**What is needed**
From the line with "India Scarves Pure" to the line with "Image similar to", output every line below exactly, both ends included. Skip the pictures.

Data section: Begin

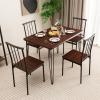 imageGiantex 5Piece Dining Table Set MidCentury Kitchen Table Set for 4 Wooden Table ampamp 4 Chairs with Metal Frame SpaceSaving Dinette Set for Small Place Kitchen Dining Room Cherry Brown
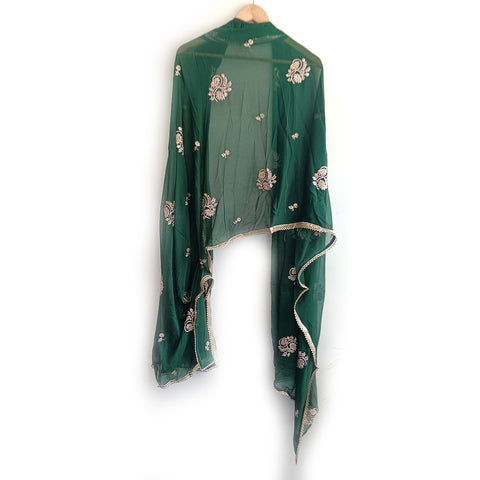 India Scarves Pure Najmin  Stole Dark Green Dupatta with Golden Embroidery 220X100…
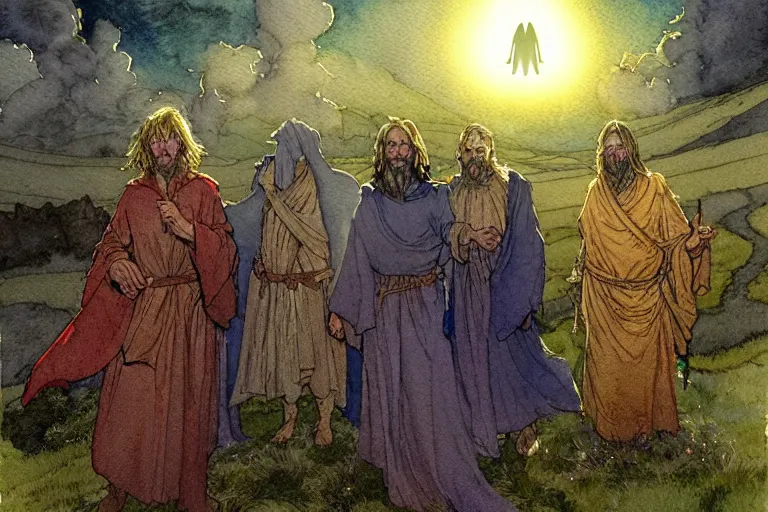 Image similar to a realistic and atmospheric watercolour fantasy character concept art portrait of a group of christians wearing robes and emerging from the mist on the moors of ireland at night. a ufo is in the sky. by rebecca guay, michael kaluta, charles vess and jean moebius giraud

Data section: End
Data section: Begin

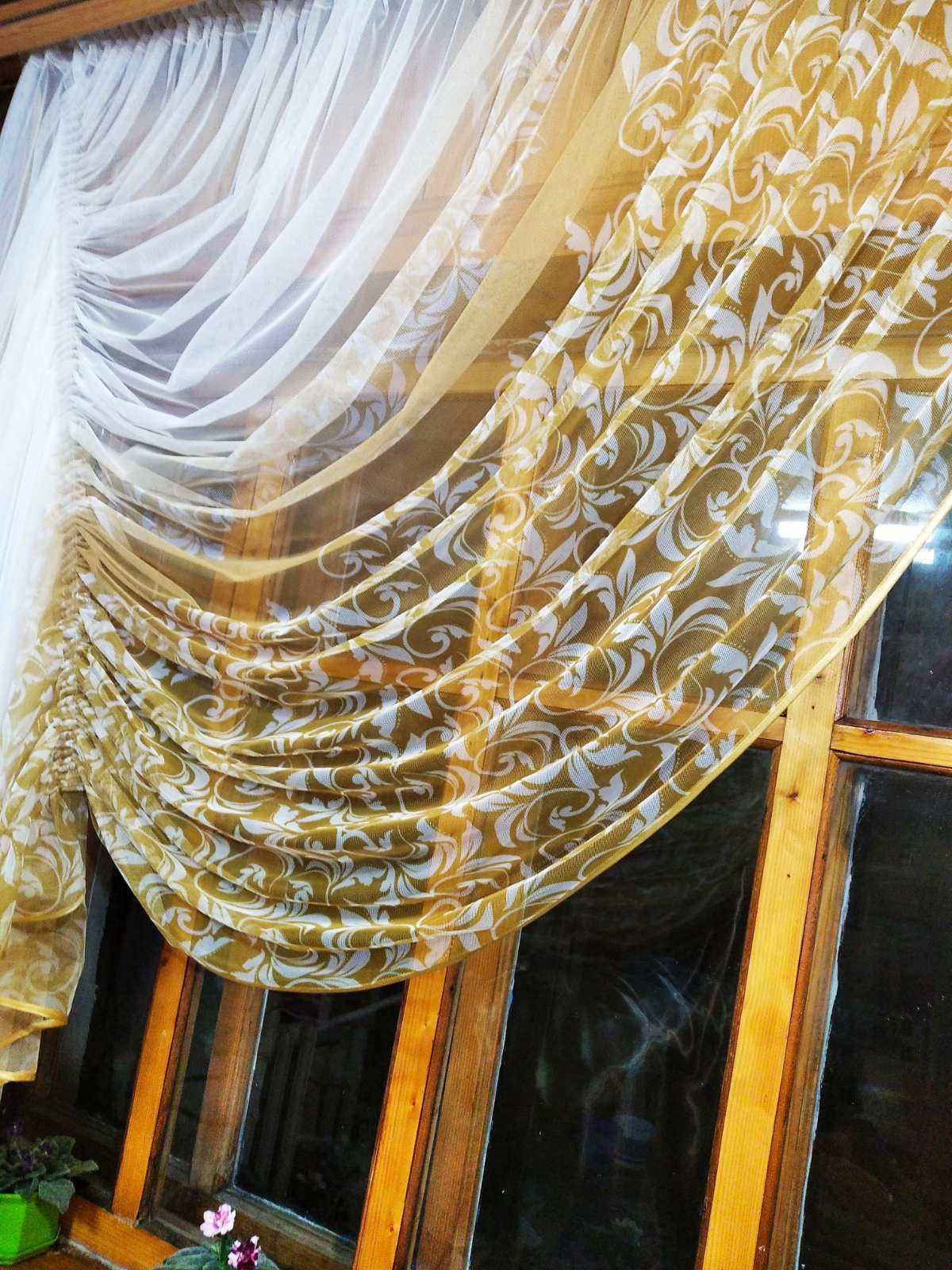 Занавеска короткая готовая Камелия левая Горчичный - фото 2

Data section: End
Data section: Begin

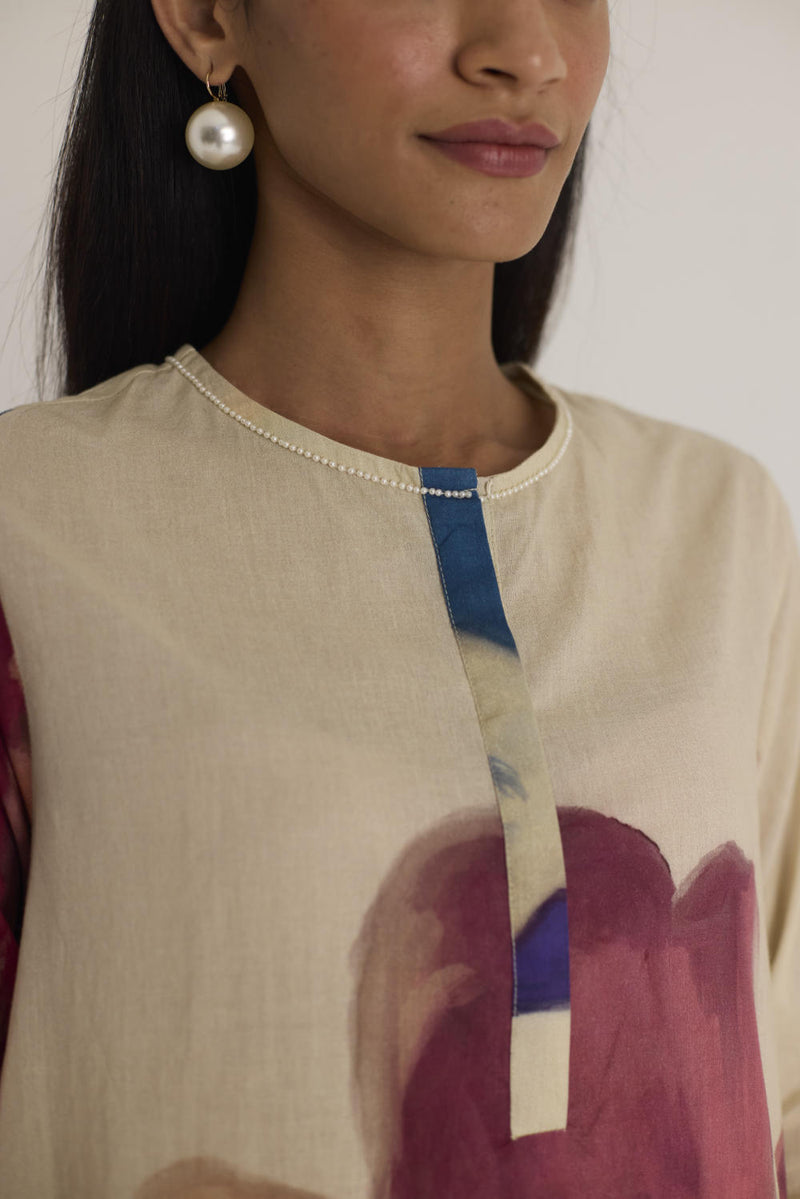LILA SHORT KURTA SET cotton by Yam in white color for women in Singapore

Data section: End

**Result of the task**
 India Scarves Pure Najmin  Stole Dark Green Dupatta with Golden Embroidery 220X100…
 Image similar to a realistic and atmospheric watercolour fantasy character concept art portrait of a group of christians wearing robes and emerging from the mist on the moors of ireland at night. a ufo is in the sky. by rebecca guay, michael kaluta, charles vess and jean moebius giraud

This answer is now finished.